In fact, half of email marketers surveyed revealed that less than 20% of new subscribers engage with their first welcoming email. I rather suspect, however, that this could be because there isn't much to interact with. Most reveal the first email is a "thank you" note for signing up with, presumably, no call to action. Thus, the best advice is to not measure success by people not doing something you haven't asked them to do in the first place.
Instead of just saying thank you, important as that is, it would seem a very good idea to be up front about wanting the subscriber to do something. Welcoming emails are pretty banal and plain. We all get them, and i suspect we all routinely ignore them as a pleasantry that a brand felt it needed to send.
So why not do something a little more adventurous with a welcoming email? Why not put a poll in there, or ask for feedback on the first interaction with the brand that led to that person joining the email list? You might be bold and run an introductory offer past them, with a 24-hour code on a particular item as a welcome gift. It might be a piece of content that experience has shown achieves good interaction rates and so can serve as a softer sell for your first piece of communication with a new subscriber.

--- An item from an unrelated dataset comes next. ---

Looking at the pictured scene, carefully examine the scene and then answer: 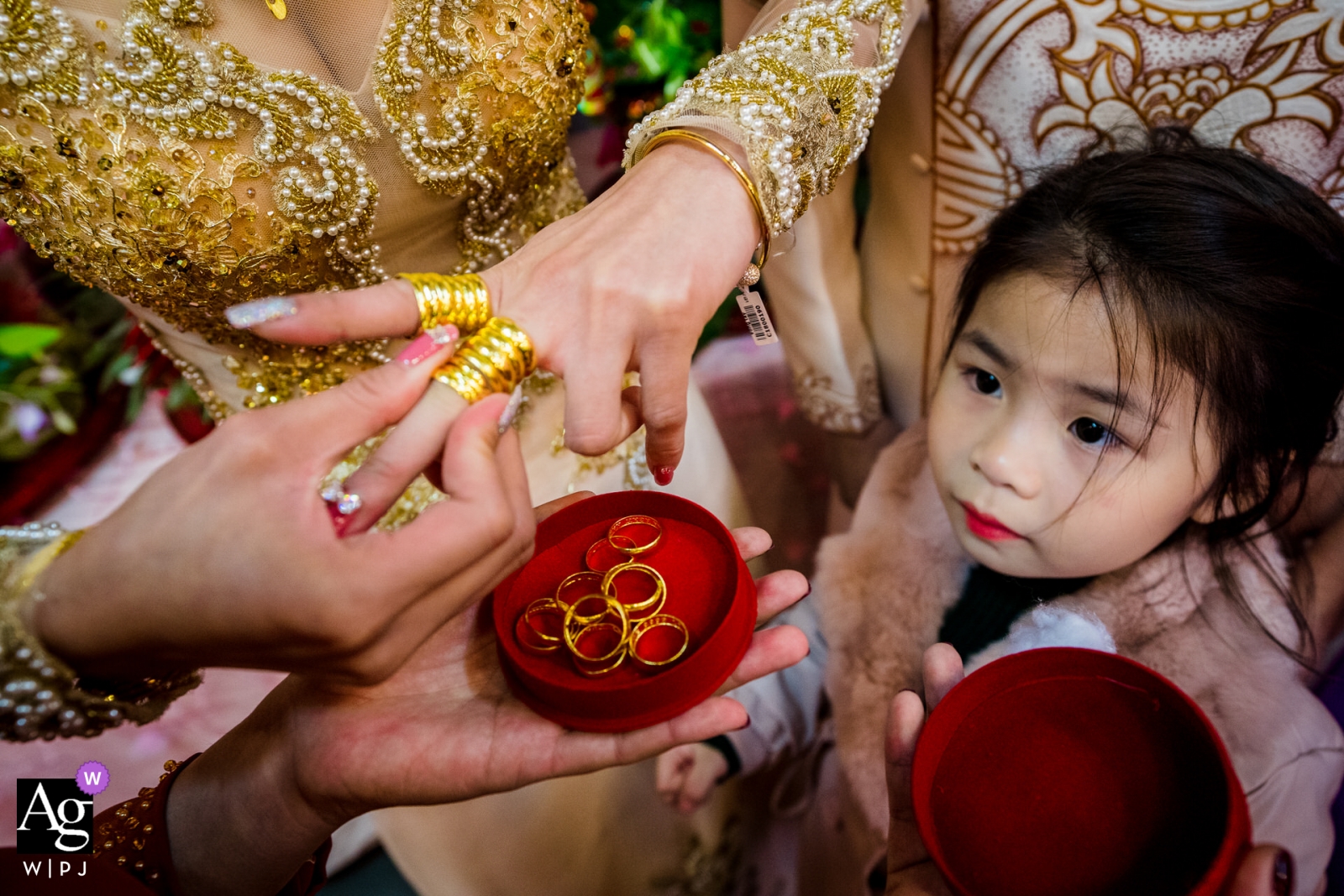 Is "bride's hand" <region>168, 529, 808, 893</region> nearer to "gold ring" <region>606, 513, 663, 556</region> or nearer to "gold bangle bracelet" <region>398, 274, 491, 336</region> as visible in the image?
"gold ring" <region>606, 513, 663, 556</region>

Whatever it is, it makes sense to say more than just "thank you," doesn't it? The last time you sent a thank you note to a friend, I bet there was a forward-looking statement at the end along the lines of "let's meet up before the kids go back to school" or something similar.
If you knew that a third of new email subscribers are likely to buy in the first 48 hours of signing up, you'd probably get more of a sense of a clock ticking down on their interest levels before new brands distract them.
So the research is clear. Treat every new sign-up as a very strong lead, and don't be the one in three brands that don't bother to welcome new prospects. While we're at it, don't be in the one in two who feel they should be doing far more with their welcoming "thank you" notes. You'll know your customers best and how hard you can push with a sales message, but whatever you do, don't expect interaction from a "thank you" that doesn't solicit any engagement. These are strong leads, so there's no harm in looking for some engagement while you have their attention.